According to the S allele (PiS), all the patients and control groups showed a normal MM allele.
In the present study, no correlation has been found between the alpha 1 antitrypsin levels and the liver functions tests.
Regarding the PiZ allele distribution according to different age classes, there was no statistical difference among different age classes (Chi-Square = 0.049: P-value= 0.976). And according to the sex distribution no statistical difference could be detected (Chi-Square = 0.349: P-value= 0.555).
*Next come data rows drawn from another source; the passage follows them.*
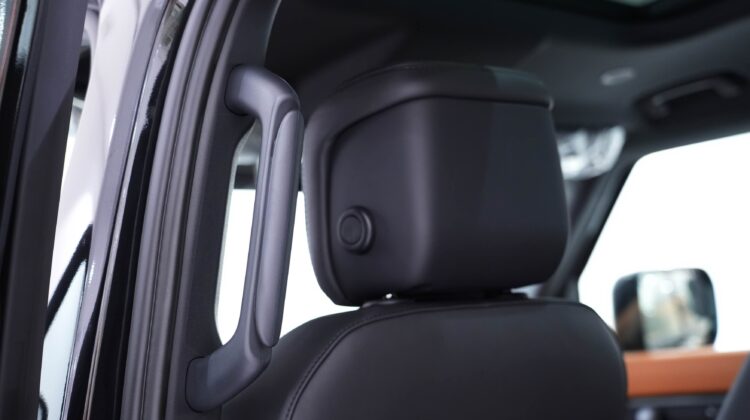 | DEFENDER X-DYNAMIC HSE 400PS AUTO || 2024 || 0 KM || GCC DEALER WARRANTY
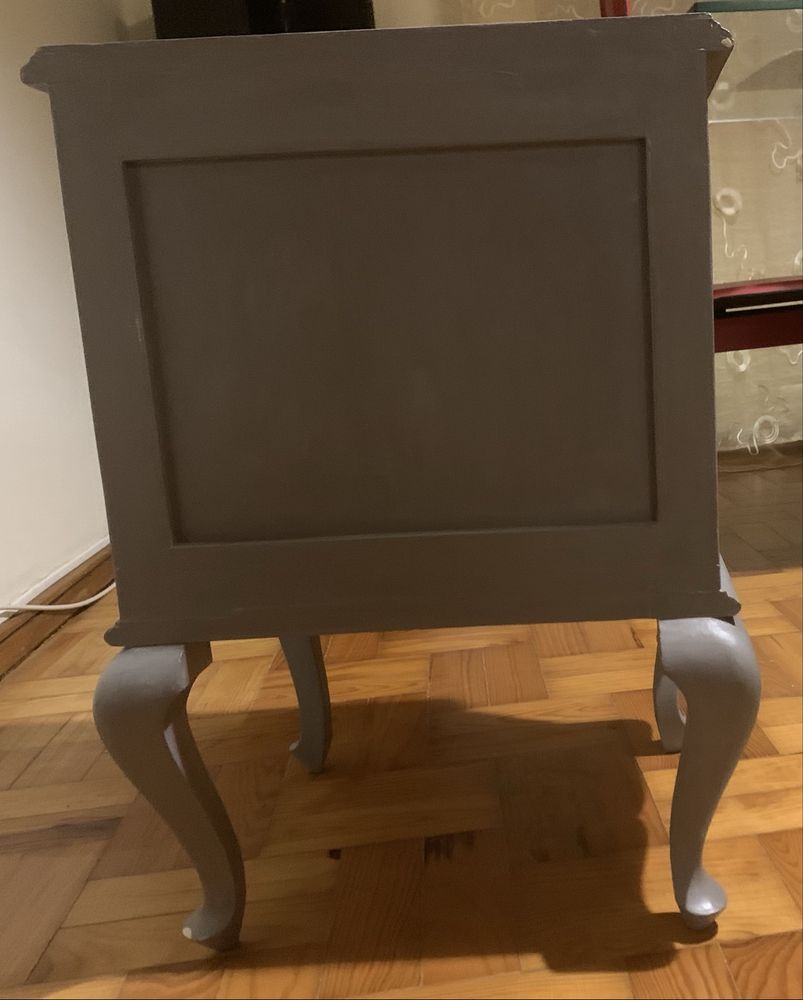Mesa de cabeceira estilo Queen Anne, recuperada e com pintura decapê.
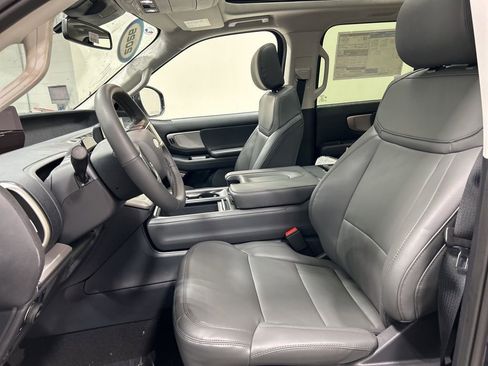 New 2026 Ford Expedition Max Active image 9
In conclusion, among Egyptian patients with chronic liver disorders, abnormal alpha 1 antitrypsin genotypes have been detected. These abnormal alleles could have possible enhanced effect on the progression of liver disease. Genetic and environmental modifiers are probably responsible for rendering the subgroup PiZ alpha 1 antitrypsin deficiency susceptible to liver disease.
Those affected patients with abnormal alleles should be protected from exposure to any potentially hazardous factors that can cause hepatic cell injury, e.g. hepatotoxic drugs or exposure to hepatotropic viruses.